Start of Recorded data

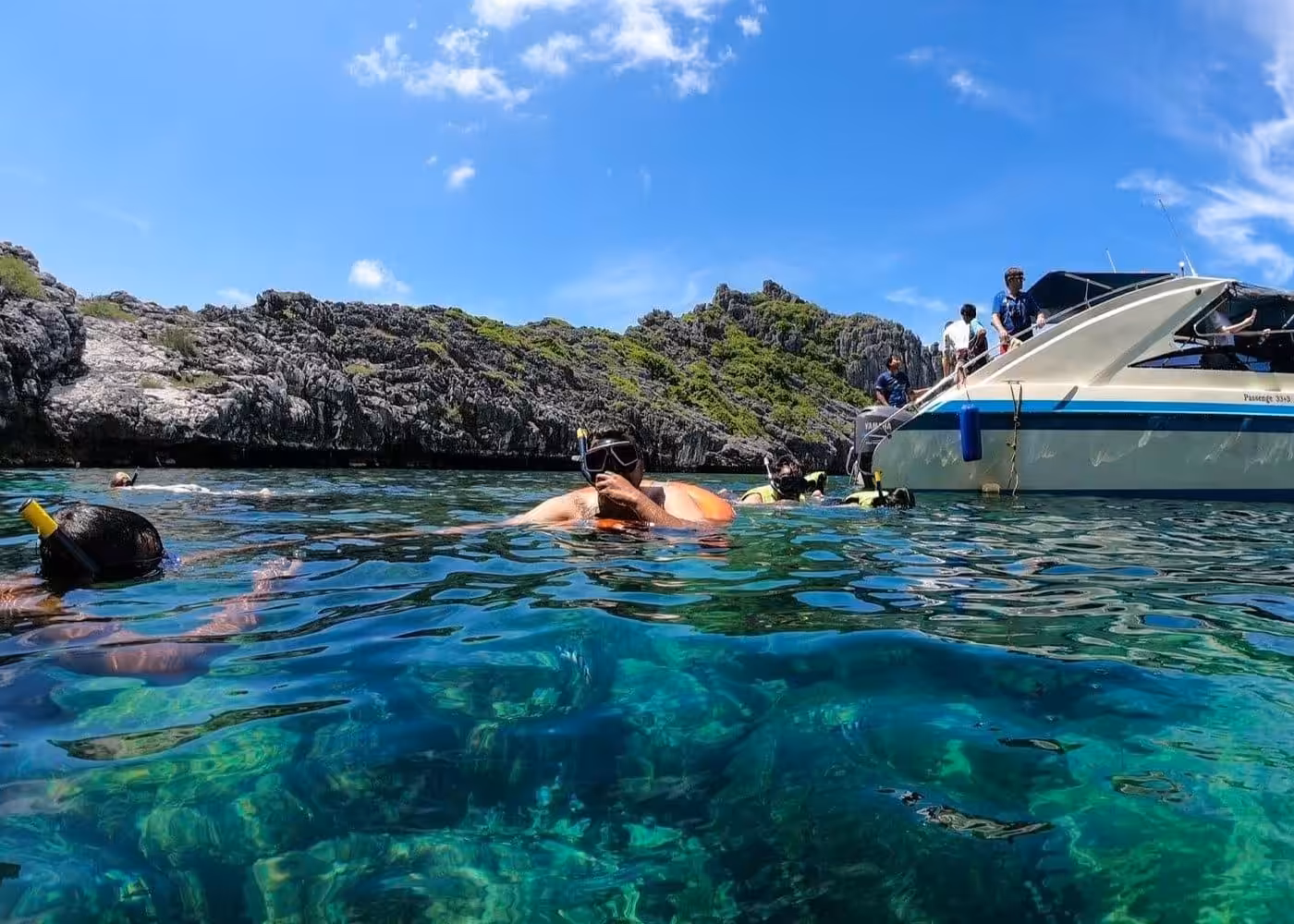 Snorkeling tour with speedboat at limestone cliffs in crystal clear turquoise waters, Thailand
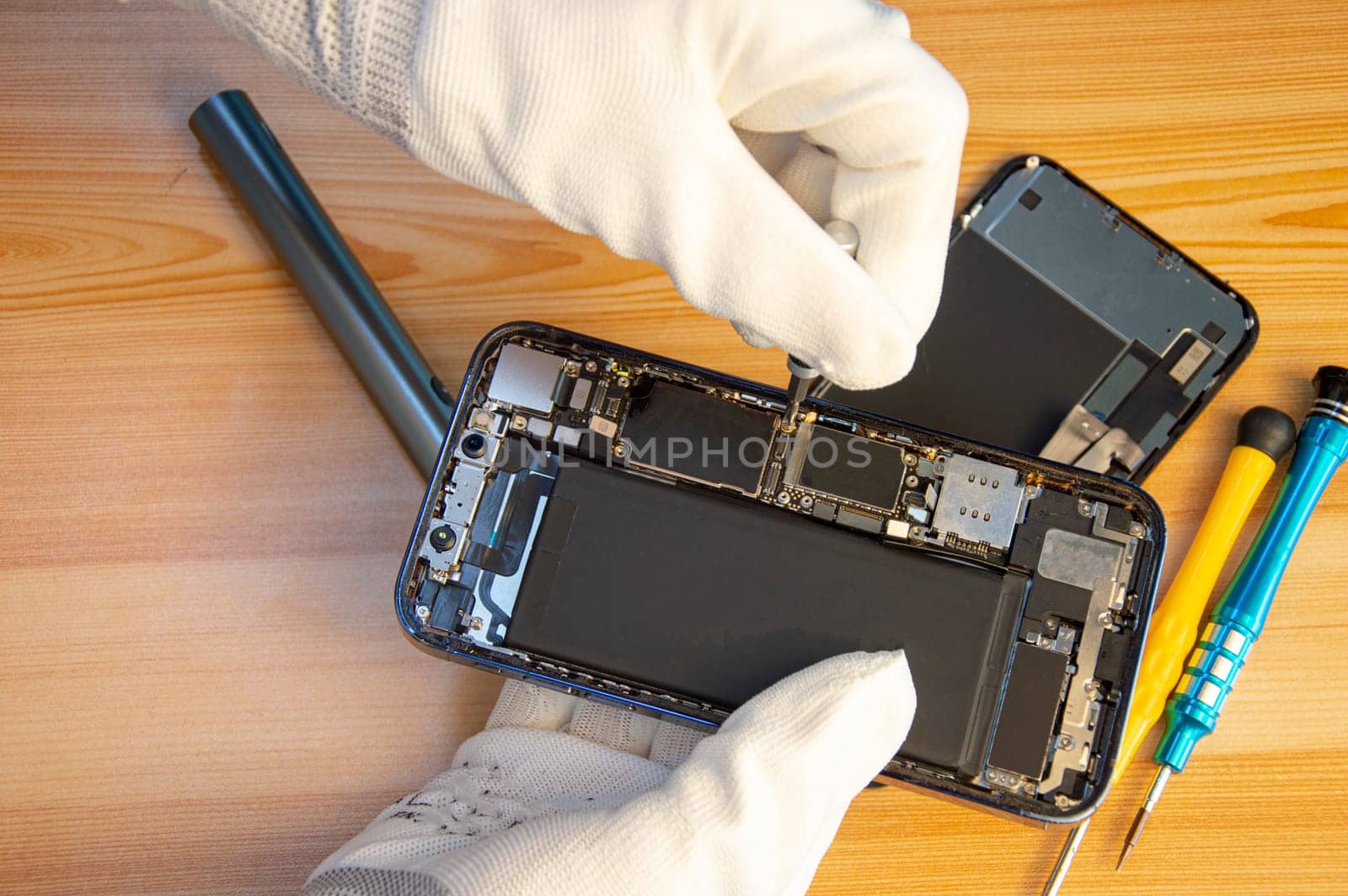 Top view of a technician repairing a smartphone by boonruen
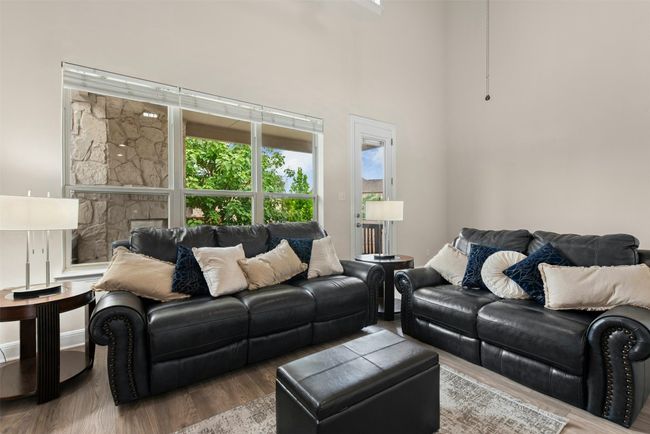 Beautiful two story living room with windows and light. Perfect for large gatherings. | Image 10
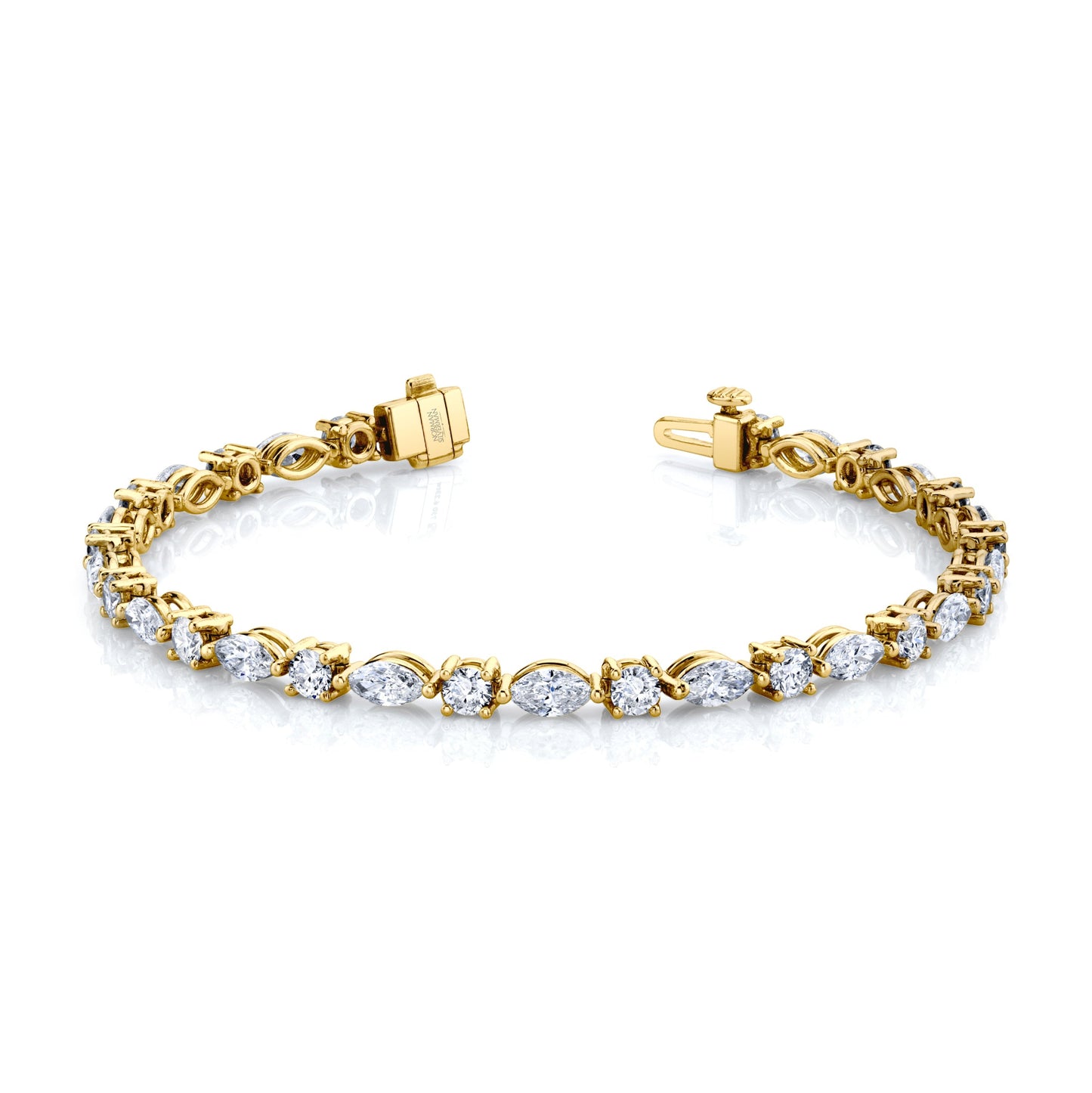 A Norman Silverman bracelet featuring alternating marquise and round brilliant cut diamonds set in 18k yellow gold.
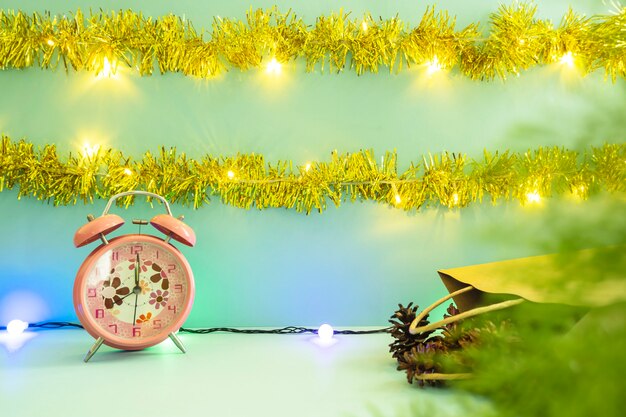 Minimalist concept idea displaying products. christmas and new year backgrounds. alarm clock. pine flower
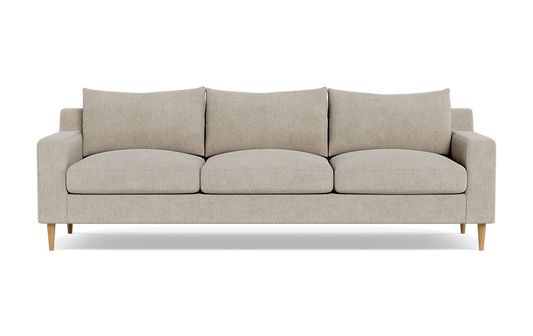 The Sloan Custom 3-Seat 95" Sofa, featuring a beige upholstery, square cushions, and wooden legs, is set against a plain black background. Its simple and modern design includes a straight back with armrests aligned at the same height as the back cushions.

End of Recorded data

→ Exercise:
Restate all of the material word for word, leaving every picture out.

→ Result of the task:
 Snorkeling tour with speedboat at limestone cliffs in crystal clear turquoise waters, Thailand
 Top view of a technician repairing a smartphone by boonruen
 Beautiful two story living room with windows and light. Perfect for large gatherings. | Image 10
 A Norman Silverman bracelet featuring alternating marquise and round brilliant cut diamonds set in 18k yellow gold.
 Minimalist concept idea displaying products. christmas and new year backgrounds. alarm clock. pine flower
 The Sloan Custom 3-Seat 95" Sofa, featuring a beige upholstery, square cushions, and wooden legs, is set against a plain black background. Its simple and modern design includes a straight back with armrests aligned at the same height as the back cushions.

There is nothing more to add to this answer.